Des pas avancèrent dans ma direction laissant apparaître Soledad, ma patronne, la propriétaire de la librairie dans laquelle je travaillais à cette époque. Soledad était une femme d'une trentaine voire d'une quarantaine d'années. Pour dire vrai je ne peux absolument pas garantir l'âge qu'elle avait. Je suppose que, par respect, je n'ai jamais vraiment osé le lui demander, ce n'est pas la chose à laquelle j'ai pensé en premier lorsque j'avais postulé pour cet emploi. Soledad était assez grande, fine, et était toujours très élégante et même très gracieuse. Le visage de ma patronne était ovale et possédait quelques rides parsemées par-ci, par-là, marquant son âge. Ses yeux étaient en forme d'amande, de couleur grise et toujours pétillants. Ses lèvres, pas très épaisses, avaient leurs commissures constamment élevées Quant à ses cheveux frisés et blonds, ils lui arrivaient aux épaules, et des reflets roux appuyaient sur leur volume. J'arrêtais ce que je faisais pour me concentrer sur ce que s'apprêtait à me dire mon employeuse.+

- Est-ce que tu pourrais venir travailler, exceptionnellement, demain matin ? - demanda-t-elle.

Je pus remarquer que Soledad était quelque peu gênée par cette demande puisque en effet, le mercredi était mon seul jour de congé, sans compter le dimanche bien évidemment.

- Ça aurait été avec plaisir Soledad mais aujourd'hui c'est mon dernier jour à la librairie.

- Aujourd'hui ? - dit-elle, avec surprise.

- Oui.

- J'avais complètement oublié Harry. Je n'ai rien prévu pour ton départ. Je suis désolée.

- Ce n'est rien Soledad, je t'assure. Ce n'est vraiment pas la peine de t'embêter avec ça.

- J'aurais, malgré tout, aimer faire quelque chose pour toi. Tu as trouvé un nouveau job ?

- Oui, je pars travailler dans le milieu de la mode, ça sera pour un magazine.

- Oh, je vois. Qu'est-ce que tu vas faire ?

- Je ne sais pas encore, normalement, si tout se passe comme prévu, je devrais prendre en photos des mannequins. Soit pour le magazine, soit pour des marques spéciales.

- La photographie, c'est ce que tu as toujours voulu faire n'est-ce pas ?

- C'est exact.

- Une dernière chose, est-ce que tu pourrais t'occuper de la librairie le temps que j'aille faire une petite course ?
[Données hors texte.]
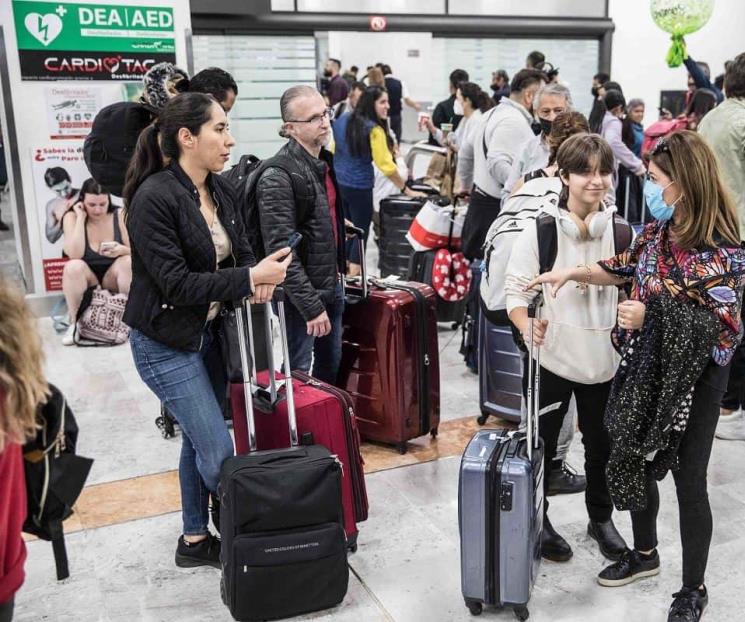 México, entre lideres de recuperación de aeropuertos en AL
- Bien évidemment Soledad.

- Merci beaucoup, à toute à l'heure.

En guise de réponse, je lui offris un sourire. Sans plus attendre, elle enfila son manteau et franchit la porte. Derrière le comptoir de la boutique je pouvais l'apercevoir en train de monter dans sa voiture, un Range Rover noir. L'attention que je portais sur ma patronne qui s'en allait changea de direction, elle se portait désormais sur un jeune homme qui venait tout juste d'entrer dans le commerce. Le jeune garçon entra et frotta ses pieds sur le tapis. Il était assez petit et plutôt athlétique. L'individu était élégant, bien bâti. Un apollon si je puis dire. Pour rentrer plus précisément dans les détails physiques, son visage était ovale, coloré et lisse, contrairement à celui de Soledad. Il devait sûrement avoir mon âge, peut-être un peu plus. Ses yeux étaient bleus ; je ne saurais dire s'ils étaient foncés ou clairs, je n'arrivais pas les discerner correctement de l'endroit où j'étais. Son nez était de taille moyenne, quelque peu retroussé sur le bout. C'était plutôt mignon d'ailleurs. C'est étrange de dire ça sur un petit détail comme celui-ci. Ses lèvres étaient plutôt fines mais pas trop, elles paraissaient s'étirer pour former un sourire. Quant à ses cheveux ils étaient bruns foncés et ne semblaient pas être coiffés. Le jeune homme devait sûrement les laisser naturels, pour faire un peu ce qu'ils voulaient, ça le rendait vraiment sexy.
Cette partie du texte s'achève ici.